* [WORK ORDER] Please return the listing exactly as it stands, skipping any pictures.

* [GIVEN INFORMATION]
- - -
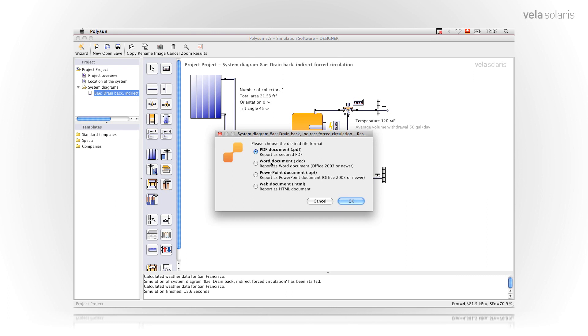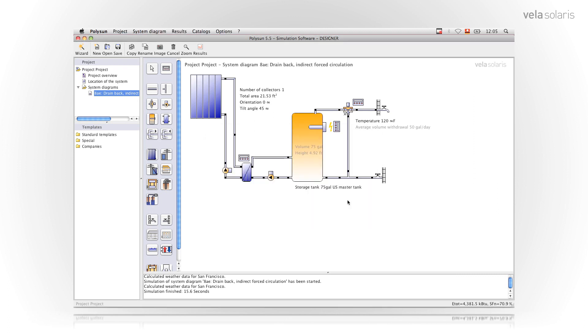The Word document I do have to adjust the picture sizes afterwards still but I have the possibility to modify it. The PowerPoint as well it can modify and the web document is sort of a summary of all results on a web page. I choose PDF report, say OK. This may take a few seconds or so.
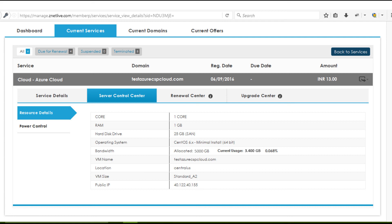The bandwidth usage is shown as: 1. Allocated usage — the bandwidth allocated with the purchased Azure plan, 2. Current usage — the current status of bandwidth used, and 3. Percentage — the percentage increase in bandwidth usage from the originally allocated amount. Once your client exceeds 150% of the allotted bandwidth, Ragnap generates an auto-invoice followed by a reminder sent to the client to pay the extra amount for the additional usage.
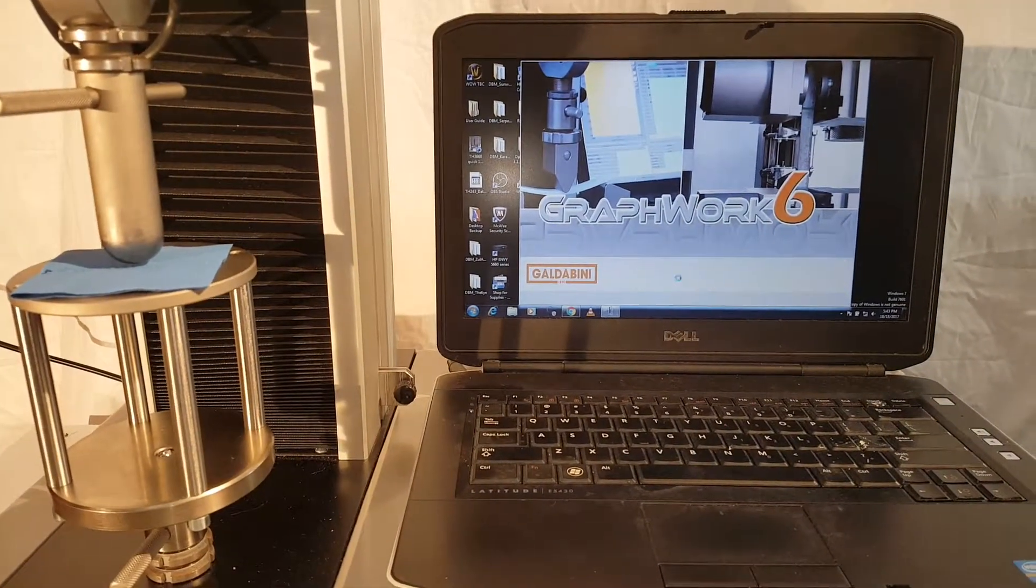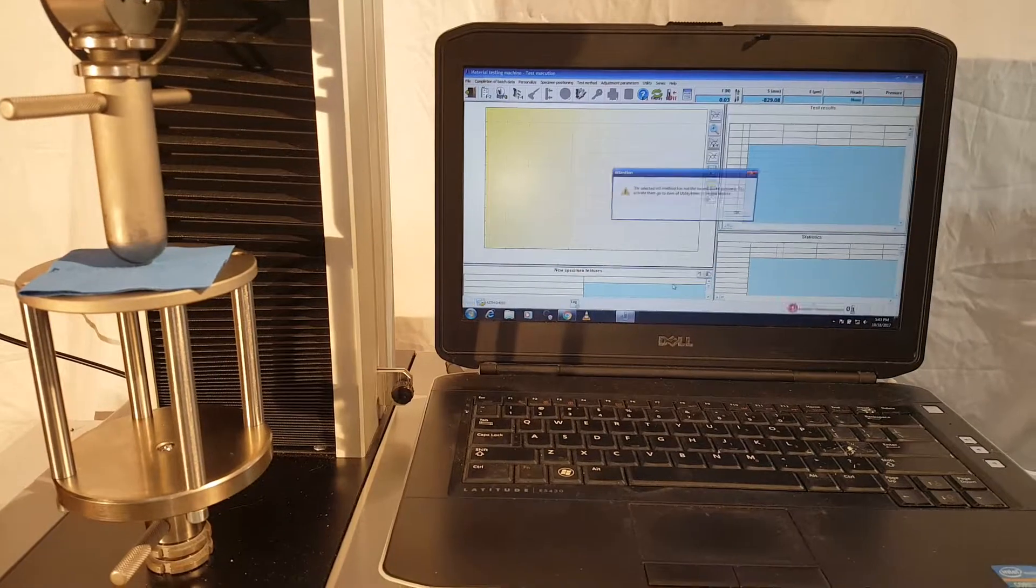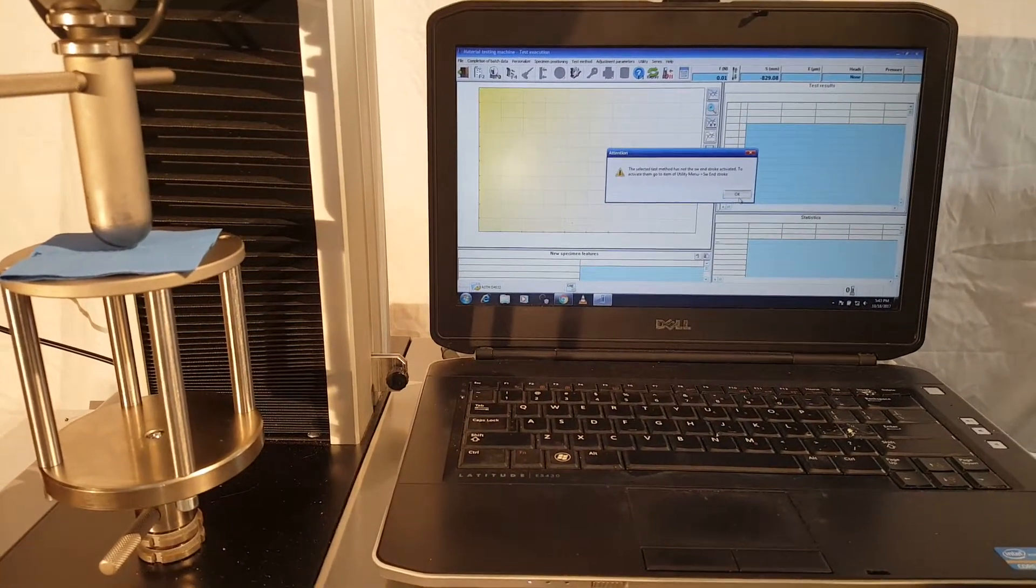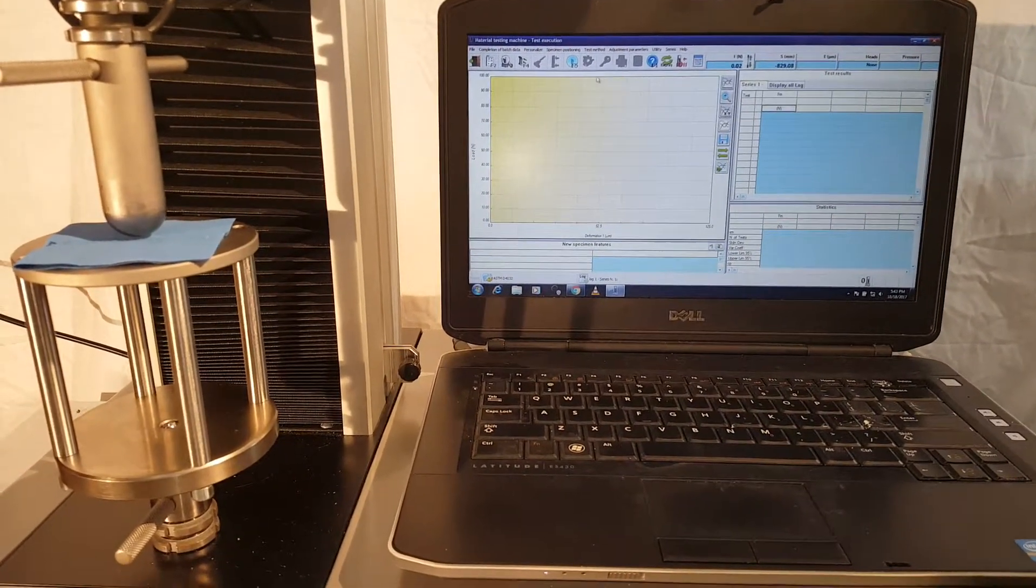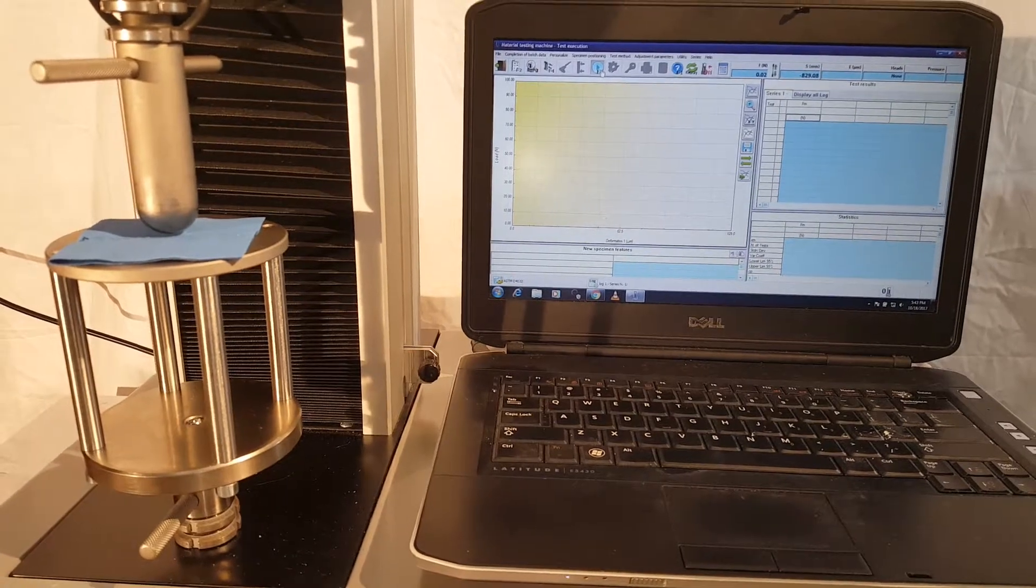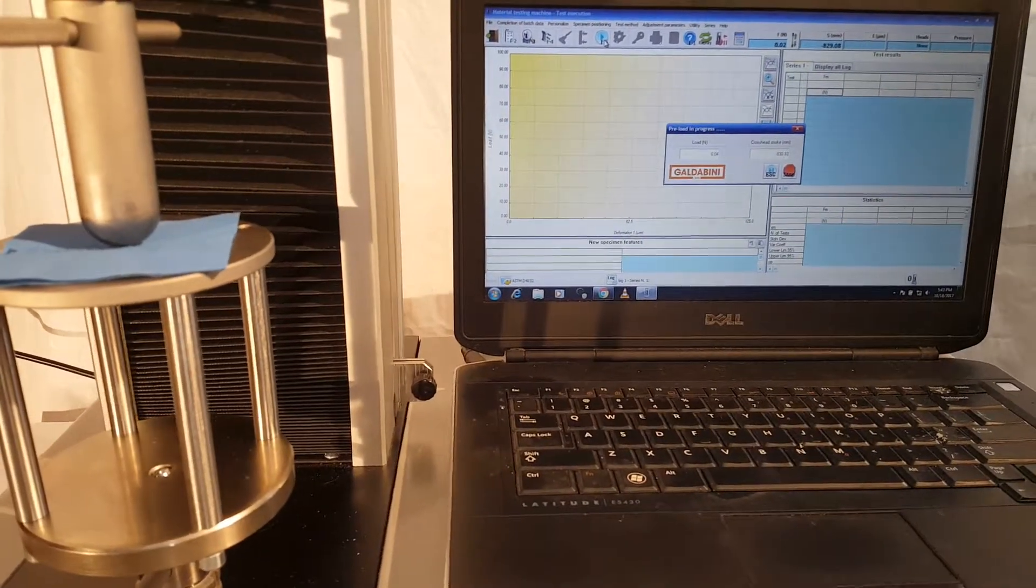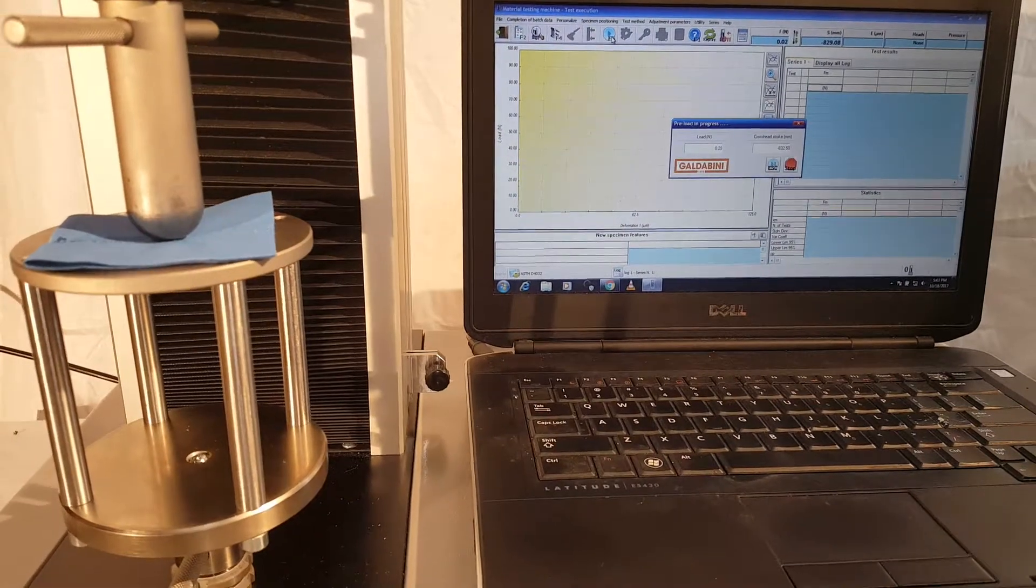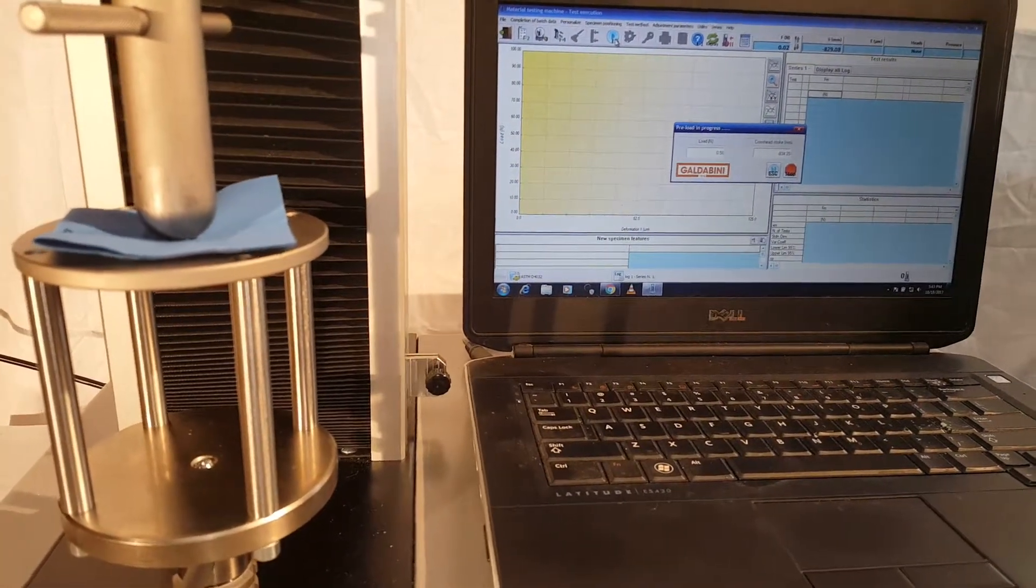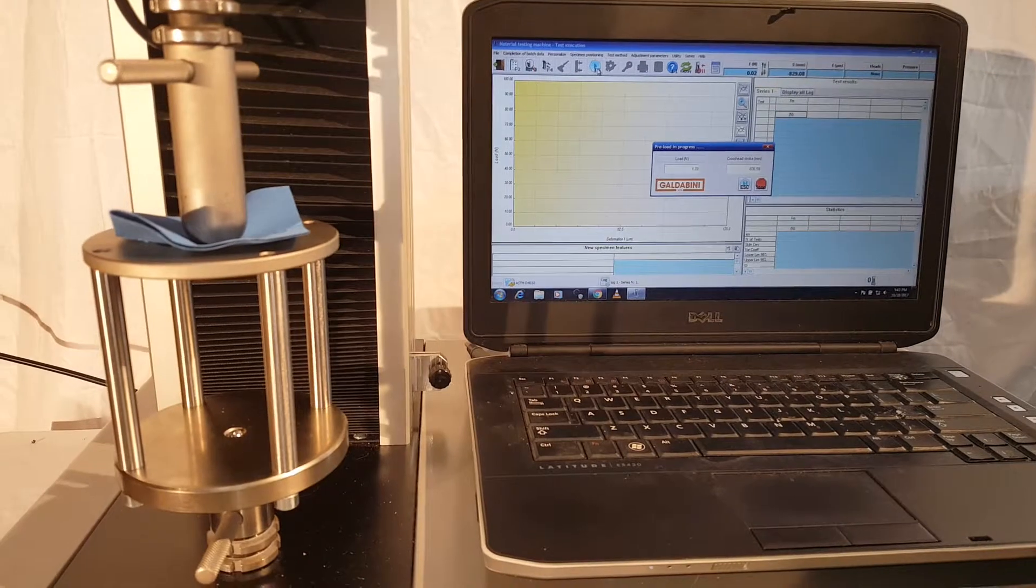I'll go into the test execution side of the software. I'm all set up so I'm going to go ahead and press play. I have it set to start with a 2 newton preload. It's going to put a slight preload on the sample before we start here.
- - -
* [EXERCISE ANSWER]
The Word document I do have to adjust the picture sizes afterwards still but I have the possibility to modify it. The PowerPoint as well it can modify and the web document is sort of a summary of all results on a web page. I choose PDF report, say OK. This may take a few seconds or so.
The bandwidth usage is shown as: 1. Allocated usage — the bandwidth allocated with the purchased Azure plan, 2. Current usage — the current status of bandwidth used, and 3. Percentage — the percentage increase in bandwidth usage from the originally allocated amount. Once your client exceeds 150% of the allotted bandwidth, Ragnap generates an auto-invoice followed by a reminder sent to the client to pay the extra amount for the additional usage.
I'll go into the test execution side of the software. I'm all set up so I'm going to go ahead and press play. I have it set to start with a 2 newton preload. It's going to put a slight preload on the sample before we start here.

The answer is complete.